TORINO – Il matrimonio tra Fca e Psa potrebbe chiudere questi dieci lunghi anni alla ricerca di un partner per il gruppo italo-americano. E’ John Elkann a realizzare il sogno di Sergio Marchionne, dopo tanti anni a caccia di un ‘grande accordò, e nell’ultimo periodo – grazie all’azzeramento del debito – senza complessi d’inferiorità, alla pari con gli altri grandi gruppi.
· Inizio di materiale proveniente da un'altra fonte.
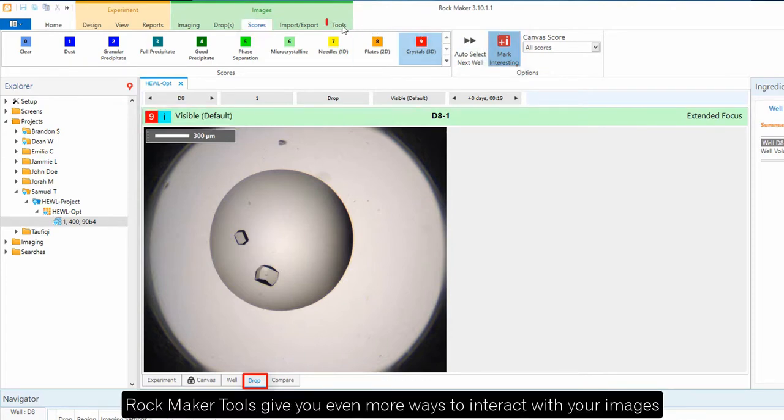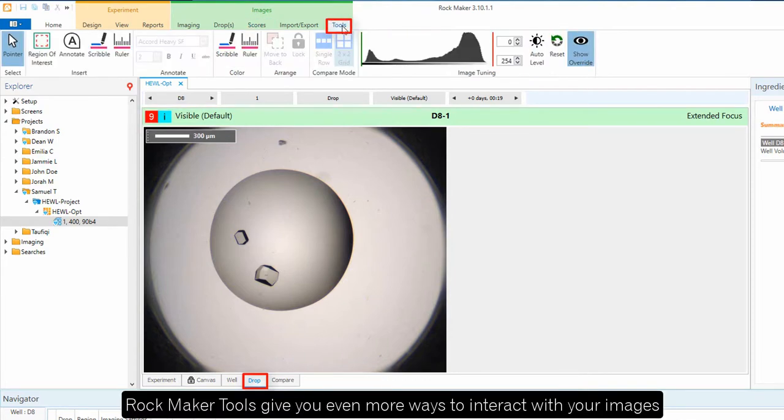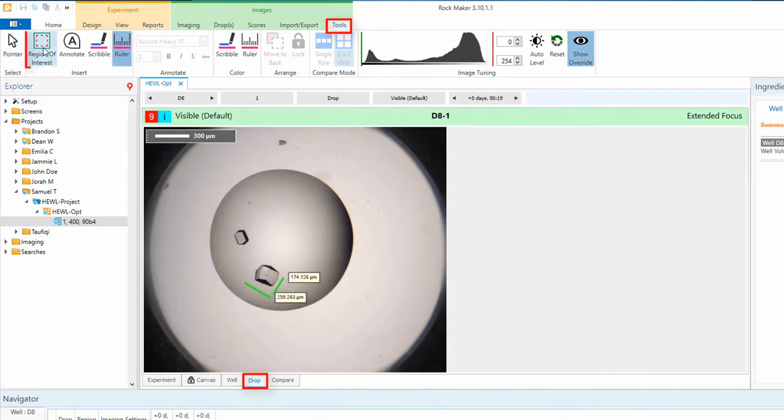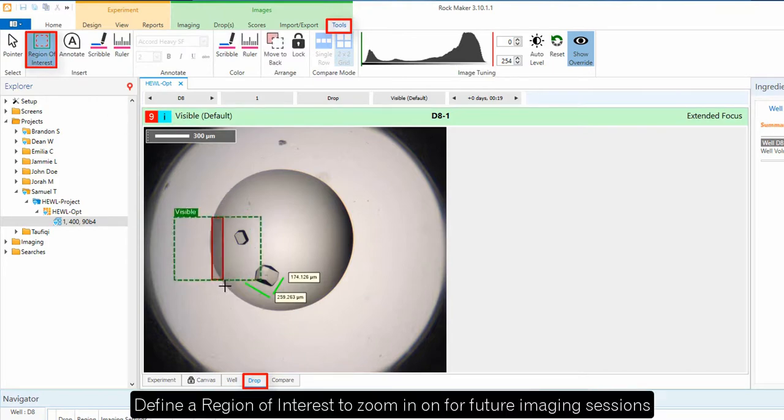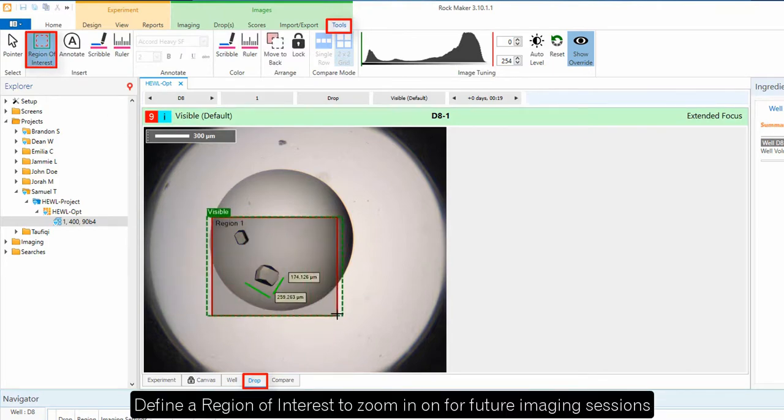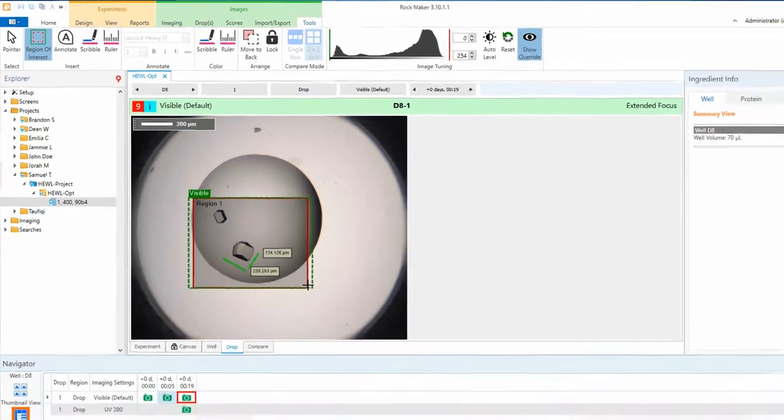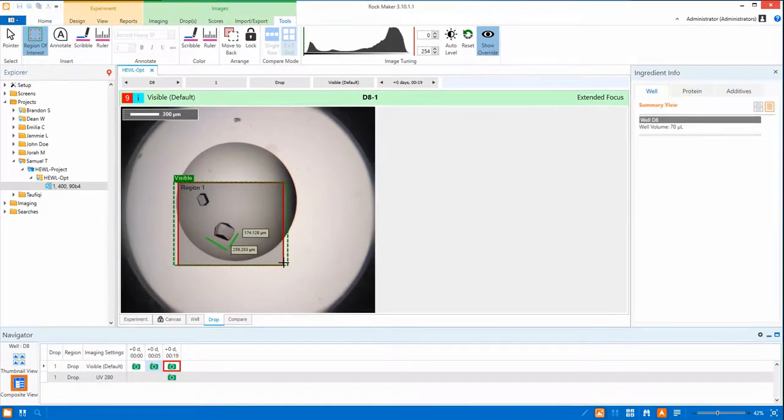RockMaker tools give you even more ways to interact with your images. You can take some quick measurements with the ruler and even draw a region of interest within a drop. This tells RockImager to optically zoom into that region during your next imaging session to give you crystal clear results.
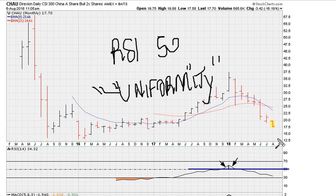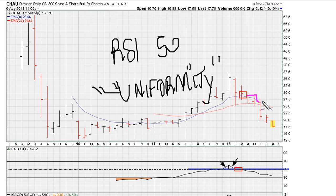Above RSI 50 and back below it — because it is uniform action, once you see confirmation of rejection when trying to move above RSI 50, this becomes an area to be careful for a slide, which is exactly what we got here. The ETF went into a slide because of the uniform activity, as the stock went above 50 and back below it.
Con una parola d’ordine per la famiglia Agnelli: diluire la partecipazione, ma senza disimpegno dall’auto e mantenendo una posizione di forza nel nuovo gruppo.
Marchionne è il primo a porre nel 2014 la necessità del consolidamento per consentire la sopravvivenza del settore: “l’industria dell’auto è troppo frammentata e il capitale necessario per farla andare avanti è eccessivo, antieconomico», spiega. Il suo sogno è la fusione con General Motors, l’alleanza che, secondo il manager italo-americano, è in grado di dare i maggiori benefici in termini di sinergie di costi e possibilità di espansione. Dieci ancora più indietro l’allora Fiat aveva già realizzato un’aggregazione con la big Usa poi risolto con un divorzio poco tempo dopo. Le avances alla casa di Detroit degli ultimi anni vengono però più volte respinte dall’amministratore delegato Mary Barra e non ci sarà mai neppure un incontro. Marchionne ci crede così tanto però da considerare anche l’ipotesi di lanciare un’Opa su Gm, ma la cifra necessaria per l’offerta, almeno 60 miliardi di dollari, è davvero eccessiva per Fiat Chrysler, ancora indebitata e con un valore di Borsa di circa 28 miliardi di dollari. Un’Opa che secondo Marchionne avrebbe potuto essere «non ostile», ma proprio questa ipotesi è la pietra tombale a ogni possibile accordo.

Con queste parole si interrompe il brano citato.